Mas também houve motoristas maravilhosos. Um deles telefonou para um jornalista que se esqueceu de pegar o dinheiro de um depósito para que ele não o perdesse.
Numa das minhas viagens, com mais equipamento, quase esqueço a pequena câmera compacta no banco. Eu a comprei precisamente para o trabalho de rua. Sacha, o motorista, me segurou pelo braço e perguntou: vai deixar a câmera para o próximo passageiro?
Por essas coisas, acho que não devemos ficar tão deprimidos com os brasileiros que assediaram uma russa, fazendo-a cantar obscenidades em português.
Brasileiros simpáticos e solidários não faltam por aqui. O chamado “caráter nacional” é uma ficção, embora tanta gente graúda no Brasil queira nos convencer de que exageramos quando afirmamos que, no mundo político, a corrupção é uma cultura a ser demolida, e não acariciada com sucessivos habeas corpus.
O melhor é seguir Tolstoi e Mário de Andrade e tentar descobrir, por trás da lenda de Macunaíma e do personagem Oblómov, as questões que nos fazem realmente refletir.

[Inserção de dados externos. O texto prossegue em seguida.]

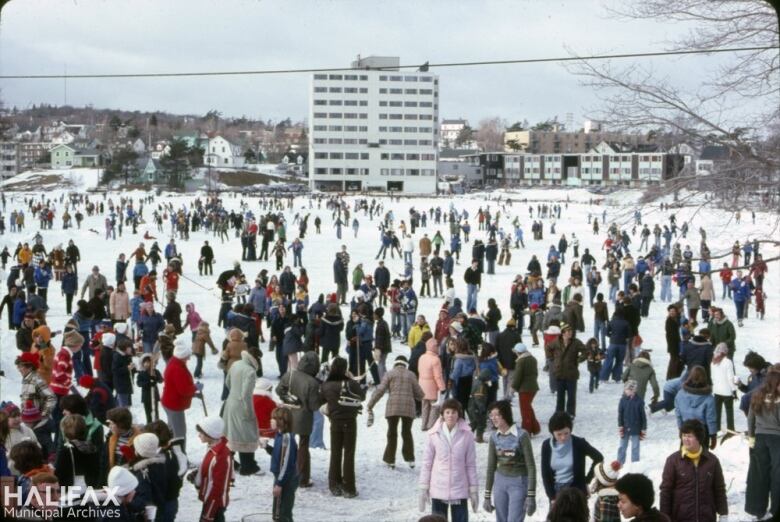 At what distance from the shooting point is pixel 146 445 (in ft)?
19.0

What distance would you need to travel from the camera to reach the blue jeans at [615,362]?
13.9 metres

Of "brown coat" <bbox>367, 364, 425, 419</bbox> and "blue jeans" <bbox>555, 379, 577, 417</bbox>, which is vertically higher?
"brown coat" <bbox>367, 364, 425, 419</bbox>

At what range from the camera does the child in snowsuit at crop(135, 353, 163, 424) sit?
981cm

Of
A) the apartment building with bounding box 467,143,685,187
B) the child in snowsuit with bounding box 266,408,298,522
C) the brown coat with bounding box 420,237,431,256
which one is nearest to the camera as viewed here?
the child in snowsuit with bounding box 266,408,298,522

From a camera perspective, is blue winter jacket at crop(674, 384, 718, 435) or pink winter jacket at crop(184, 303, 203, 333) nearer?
blue winter jacket at crop(674, 384, 718, 435)

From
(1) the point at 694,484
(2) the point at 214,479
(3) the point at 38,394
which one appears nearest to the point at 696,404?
(1) the point at 694,484

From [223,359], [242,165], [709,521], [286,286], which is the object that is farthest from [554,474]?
[242,165]

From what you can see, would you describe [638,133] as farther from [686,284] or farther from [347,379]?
[686,284]

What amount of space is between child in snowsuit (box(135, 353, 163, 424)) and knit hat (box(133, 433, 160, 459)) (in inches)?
158

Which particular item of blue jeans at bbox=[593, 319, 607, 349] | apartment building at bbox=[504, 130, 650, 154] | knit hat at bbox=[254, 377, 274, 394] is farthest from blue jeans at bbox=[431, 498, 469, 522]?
apartment building at bbox=[504, 130, 650, 154]

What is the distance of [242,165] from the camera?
159 metres

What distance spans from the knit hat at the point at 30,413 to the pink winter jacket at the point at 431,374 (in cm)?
434

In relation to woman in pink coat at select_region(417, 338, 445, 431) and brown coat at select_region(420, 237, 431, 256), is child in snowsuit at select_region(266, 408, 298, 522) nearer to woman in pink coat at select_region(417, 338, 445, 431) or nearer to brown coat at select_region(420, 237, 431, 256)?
woman in pink coat at select_region(417, 338, 445, 431)

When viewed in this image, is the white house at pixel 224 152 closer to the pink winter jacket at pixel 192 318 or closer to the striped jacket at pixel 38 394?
the pink winter jacket at pixel 192 318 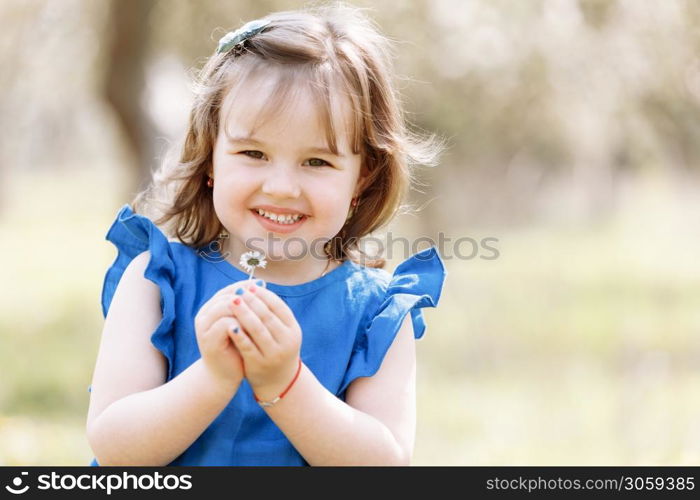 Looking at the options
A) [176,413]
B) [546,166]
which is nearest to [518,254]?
[546,166]

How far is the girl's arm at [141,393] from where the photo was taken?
1.63 metres

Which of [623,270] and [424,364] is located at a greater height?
[623,270]

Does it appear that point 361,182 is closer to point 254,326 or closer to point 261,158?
point 261,158

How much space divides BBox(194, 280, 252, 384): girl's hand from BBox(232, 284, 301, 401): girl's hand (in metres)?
0.01

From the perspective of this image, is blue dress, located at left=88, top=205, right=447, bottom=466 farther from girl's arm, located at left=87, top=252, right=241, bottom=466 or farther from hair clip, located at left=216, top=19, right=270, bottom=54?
hair clip, located at left=216, top=19, right=270, bottom=54

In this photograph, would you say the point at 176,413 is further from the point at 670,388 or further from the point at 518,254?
the point at 518,254

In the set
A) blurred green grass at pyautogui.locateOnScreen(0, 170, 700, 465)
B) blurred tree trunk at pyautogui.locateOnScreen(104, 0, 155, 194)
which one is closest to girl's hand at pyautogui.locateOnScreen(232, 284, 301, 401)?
blurred green grass at pyautogui.locateOnScreen(0, 170, 700, 465)

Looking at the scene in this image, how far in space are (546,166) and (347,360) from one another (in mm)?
16525

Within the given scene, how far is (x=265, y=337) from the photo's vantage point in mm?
1571

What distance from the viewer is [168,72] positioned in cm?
736

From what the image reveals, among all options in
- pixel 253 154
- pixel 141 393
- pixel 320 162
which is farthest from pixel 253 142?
pixel 141 393

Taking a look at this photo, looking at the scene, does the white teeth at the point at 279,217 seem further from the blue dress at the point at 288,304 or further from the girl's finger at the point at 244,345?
the girl's finger at the point at 244,345

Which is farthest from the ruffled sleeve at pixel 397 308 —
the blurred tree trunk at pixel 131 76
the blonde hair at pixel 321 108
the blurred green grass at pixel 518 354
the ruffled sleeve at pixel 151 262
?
the blurred tree trunk at pixel 131 76

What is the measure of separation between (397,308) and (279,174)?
0.37 meters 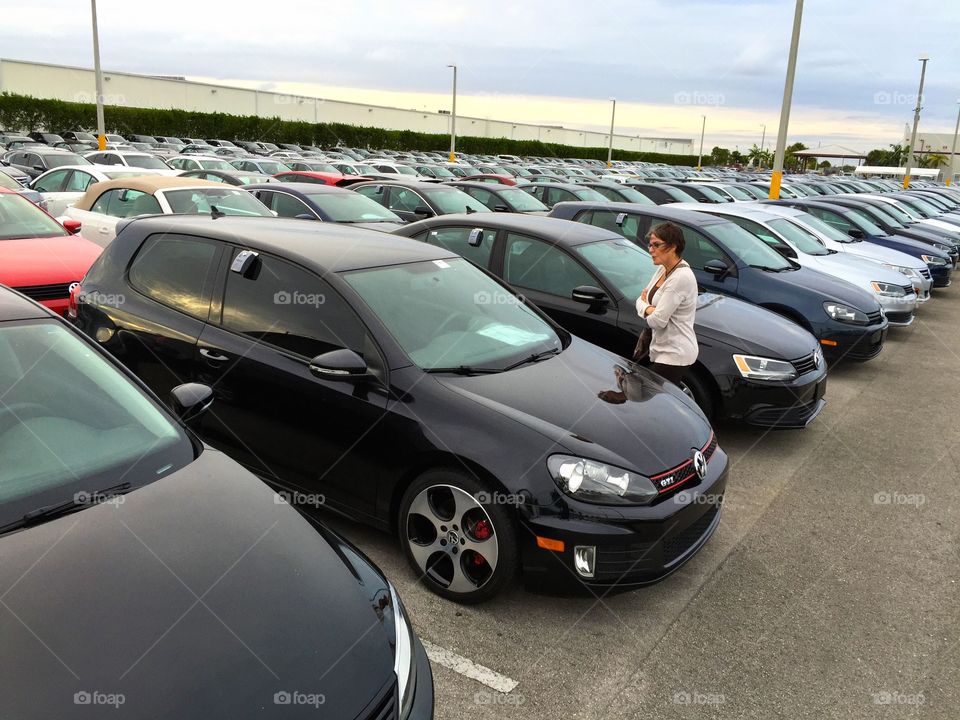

Se os russos fossem realmente preguiçosos, não teriam construído um império nem vencido uma guerra mundial, algo que no Ocidente às vezes é subestimado. Se os brasileiros vivessem de esperteza, como explicar os milhões que trabalham de sol a sol e perdem grande parte de sua existência no transporte coletivo?
No fundo, estamos todos correndo atrás da bola.